ODI is a small business working to bring big ideas for improved non-invasive measurement of metabolic health to market using the latest cloud computing technologies.


The ODI technology concept is to unify metabolic function assessment with cardiopulmonary fitness assessment for cardio-metabolic assessment and forecasting through mathematical modeling.

  

ODI has published papers regarding its self-adapting statistical mathematical models of the human energy metabolism, which are the core of its technology [1-7].


ODI research and development in cardio-metabolic assessment has resulted in a patented method for noninvasive measurement and predication using its self-adapting statistical mathematical models of the impossible or difficult to measure parameters of the metabolism of the user, with the goal to allow the user to achieve a desired body composition outcome [8,9]. 

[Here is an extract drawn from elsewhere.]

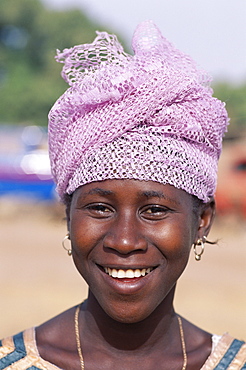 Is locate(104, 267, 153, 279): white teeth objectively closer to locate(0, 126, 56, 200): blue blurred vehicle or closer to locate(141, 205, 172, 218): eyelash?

The embodiment of ODI research and development is the ODI metabolic health monitoring system, ORI FIT-MET™. ORI FIT-MET™ extracts measured data from wearable device sensors and can be used for tracking the estimated daily utilized macronutrient energy intake, macronutrient oxidation rate, daily changes of fat weight, lean body mass, and insulin resistance of the user [1-7].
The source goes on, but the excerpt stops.